EU-Lateinamerika-Gipfel Vom armen Bruder zum umworbenen Partner
Lange galten sie als arme Brüder und Bittsteller: die Länder Lateinamerikas. Doch inzwischen hat sich die Lage verändert. Sie gehören zu den Wachstumsmotoren der Welt, für die EU sind sie ein wichtiger Absatzmarkt. Beim EU-Lateinamerika-Gipfel wird deutlich: Heute ist eher die EU der Bittsteller.
Von Martin Bohne, MDR-Hörfunkstudio Brüssel
In den Sonntagsreden ist alles klar: "Lateinamerika ist ein sehr wichtiger politischer, kultureller und wirtschaftlicher Partner", sagt Christian Leffler, im Europäischen Diplomatischen Dienst zuständig für Amerika. Soweit die Theorie.
In der Praxis haben die Europäer die Beziehungen zu dem Subkontinent eher schleifen lassen, beklagt der Vorsitzende des Auswärtigen Ausschusses im Europäischen Parlament, Elmar Brok: "Ja ich glaube, es ist das Bewusstsein nicht vorhanden, dass das so wichtig ist, das lief so mit und war fast ein Automatismus." Angesichts der sich dramatisch verändernden Weltlage und des stärker werdenden Auftritts der asiatischen Nationen auf der Weltbühne hält Brok das für einen kapitalen Fehler.

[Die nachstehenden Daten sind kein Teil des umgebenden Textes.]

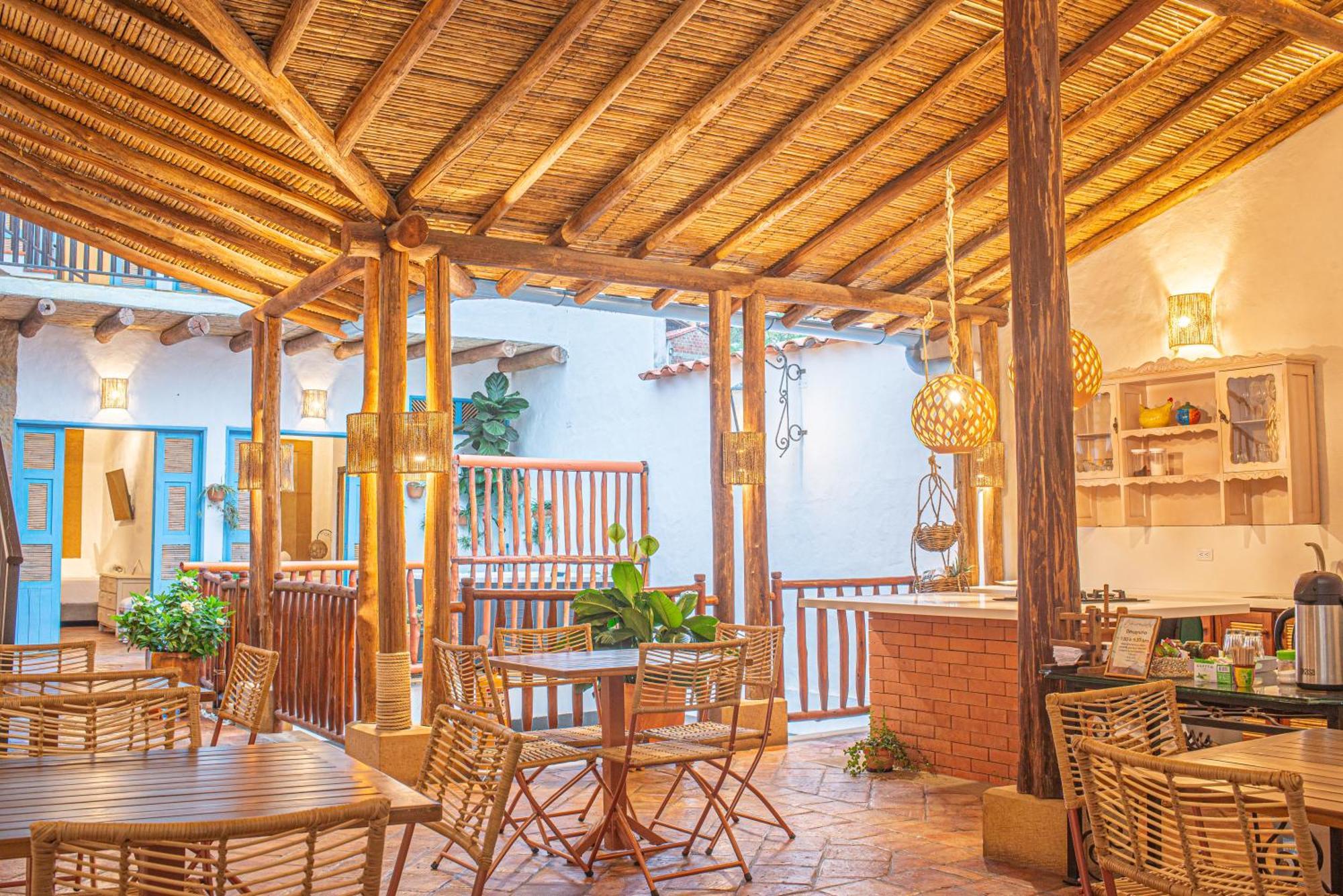 Hotel Boutique Casa Encanto Баричара Экстерьер фото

Dies erst recht, da sich Lateinamerika als Verbündeter geradezu anbietet: "Weil es eine Region ist", so der Schwede Leffler, "mit der uns eine lange gemeinsame Geschichte und eine gemeinsame Vorstellung von Gesellschaft und Demokratie verbindet." Dennoch blickten die Europäer lange eher herablassend auf ihre früheren Kolonien. Es waren die armen Brüder, in der Position des Bittstellers.
Aber seit einigen Jahren kehrt sich das Kräfteverhältnis um. Lateinamerika boomt. Während Europa in der Krise versank, verzeichnen lateinamerikanische Länder Wachstumsraten von vier und mehr Prozent, dazu haben sie stabile Staatsfinanzen. Davon können die Europäer nur träumen. Brasilien, Mexiko und Argentinien spielen als G-20-Mitglieder mittlerweile weltpolitisch in der ersten Liga.

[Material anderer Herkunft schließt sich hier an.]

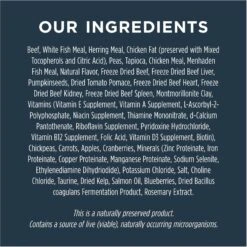 Instinct Raw Boost Grain-Free Recipe With Real Beef & Freeze-Dried Raw Pieces Dry Dog Food -Pet Wellness 119070 PT6. AC SS1800 V1668200381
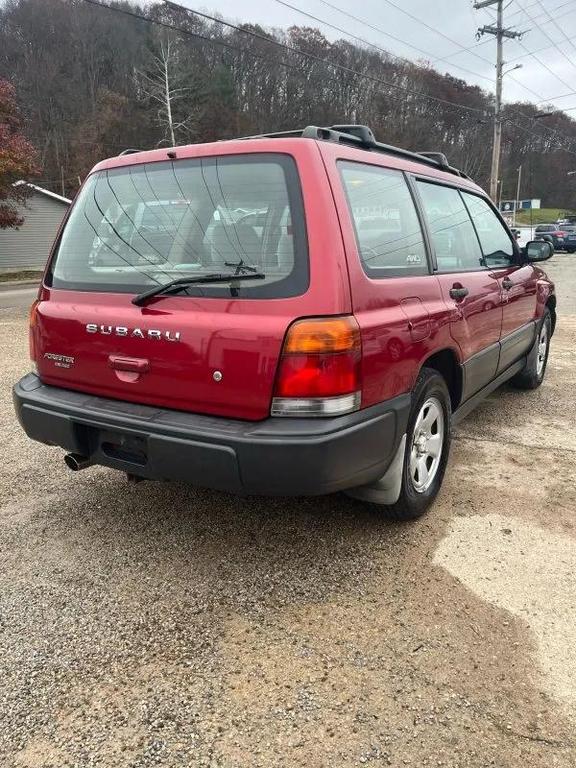 used 1999 Subaru Forester car, priced at $4,995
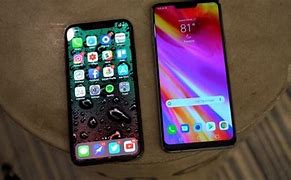 Image result for LG G7 ThinQ vs iPhone X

Europa in der Rolle des Bittstellers
Da ist es kein Wunder, dass die Lateinamerikaner vor Selbstbewusstsein nur so strotzen. Chiles Präsident Sebastián Pinera, Gastgeber des europäisch-lateinamerikanischen Gipfels, nimmt denn auch kein Blatt vor den Mund. Bei seinem Vorbereitungsbesuch Ende 2012 in Brüssel forderte er, dass die Beziehungen mit der EU auf eine völlig neue Grundlage gestellt werden. Das heißt: eine Partnerschaft auf Augenhöhe, mindestens.
Wenn er sich das Auftreten Brasiliens in der Eurokrise ansehe, meint Brok, der Chefaußenpolitiker des EU-Parlaments, dann habe er fast den Eindruck, dass die nun eher die Europäer in der Rolle des Bittstellers sehen. Die Europäer brauchen derzeit die Lateinamerikaner als Anker in der Krise möglicherweise mehr als umgekehrt.

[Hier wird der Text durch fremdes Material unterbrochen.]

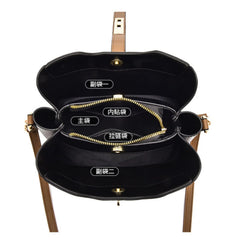 All-match Ladies Handbag Summer Shoulder Messenger Bucket Bag Women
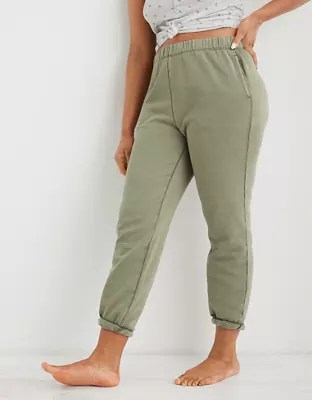 Aerie FleeceOfMind High Waisted Jogger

Rücksicht auf die Befindlichkeiten in Lateinamerika
Leffler, der auf europäischer Seite den Gipfel in Santiago vorbereitet hat, drückt das diplomatisch verklausuliert so aus: "Die sehr beeindruckende wirtschaftliche Entwicklung in fast allen Ländern des Subkontinents führt dazu, dass trotz der Krise die europäischen Investitionen dort sogar gestiegen sind. Lateinamerika ist also eine wichtige Stütze für die Europäer, um aus der Krise herauszukommen."
Das hat natürlich Konsequenzen für die gegenseitigen Beziehungen. "Unsere Partner sind stärker, selbstbewusster und reicher geworden. Das macht die Beziehungen ausgeglichener. Aber das nutzt beiden Seiten."
Europa müsse jetzt, so Brok, mehr Rücksicht auf die Befindlichkeiten der lateinamerikanischen Partner nehmen: "Das sind stolze Menschen, stolze Staaten. Man muss klar machen, dass man nicht den Vormund spielen will, sondern dass das auf der Ebene der Gleichberechtigung ist." Der Ton macht halt die Musik.